Second practical strategy: Opening a new session can reset attention. Clean context equals 100% self-focus.
Third practical strategy: Summarize and restate key decisions midway through long conversations. This "attentional refresh" technique keeps critical information in the high-attention zone at the end of the context.
In the next article, we will talk about a more intuitive question: The solution written by AI is beautiful, but is it really being implemented?
Remember one principle: When you find that the AI starts to do the same thing over and over again and forgets key information from the past, the problem is not the way you ask questions, but its self-attention has been exhausted.

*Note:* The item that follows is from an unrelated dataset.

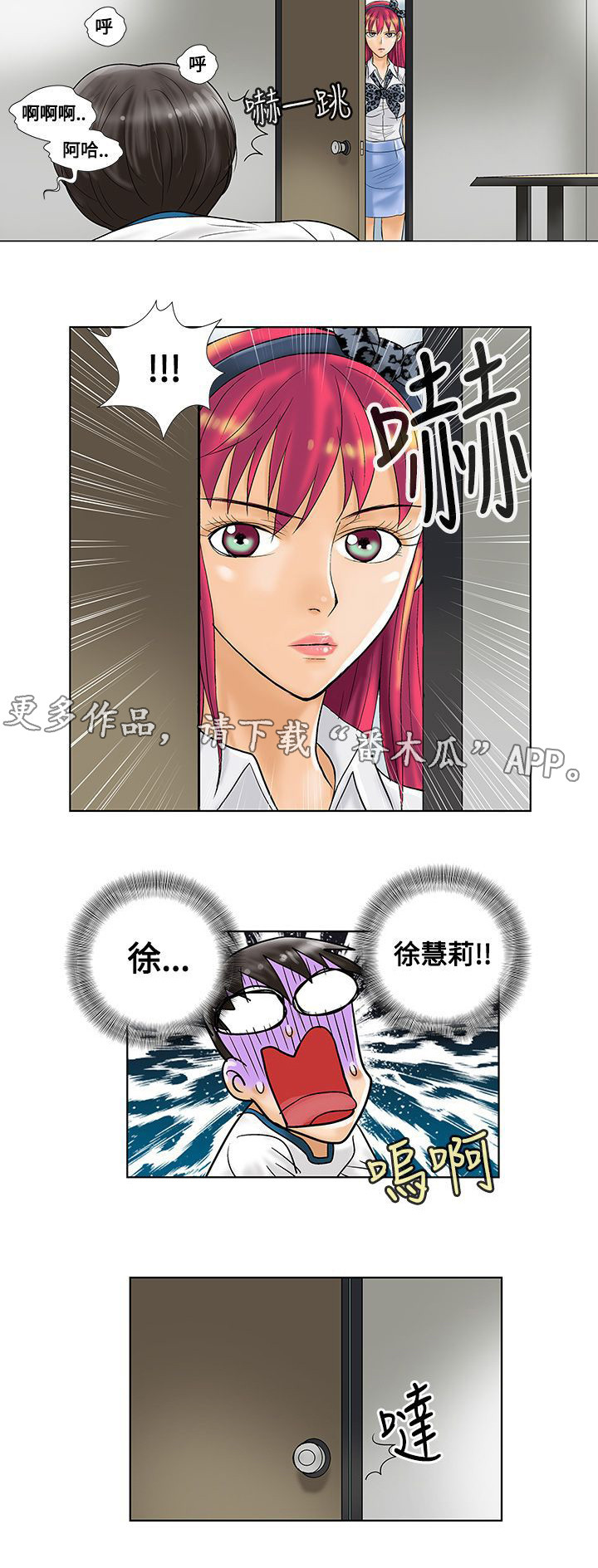 第8章：意外发现3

The practical difference between understanding attention dilution and ignoring it shows up most clearly in real-world workflows. Developers who structure their AI interactions as a series of short, focused conversations — each with clear context and a specific goal — consistently get better results than those who try to accomplish everything in one long session. The mental model I find most useful is thinking of context as a budget: every token you spend on irrelevant chatter is a token you cannot spend on substantive content. Being deliberate about context management, including starting fresh sessions at natural transition points and periodically summarizing progress to keep the signal strong, is the single highest-impact habit I have developed for working effectively with AI coding assistants. Another technique I have found invaluable is writing important constraints and decisions to a project memory file (like a README or CLAUDE.md) at the start of each session, essentially externalizing the most critical context so that it never gets lost in the middle of a long conversation. This combination of structured conversations and persistent external context has transformed my experience with AI from frustrating forgetfulness to reliable collaboration.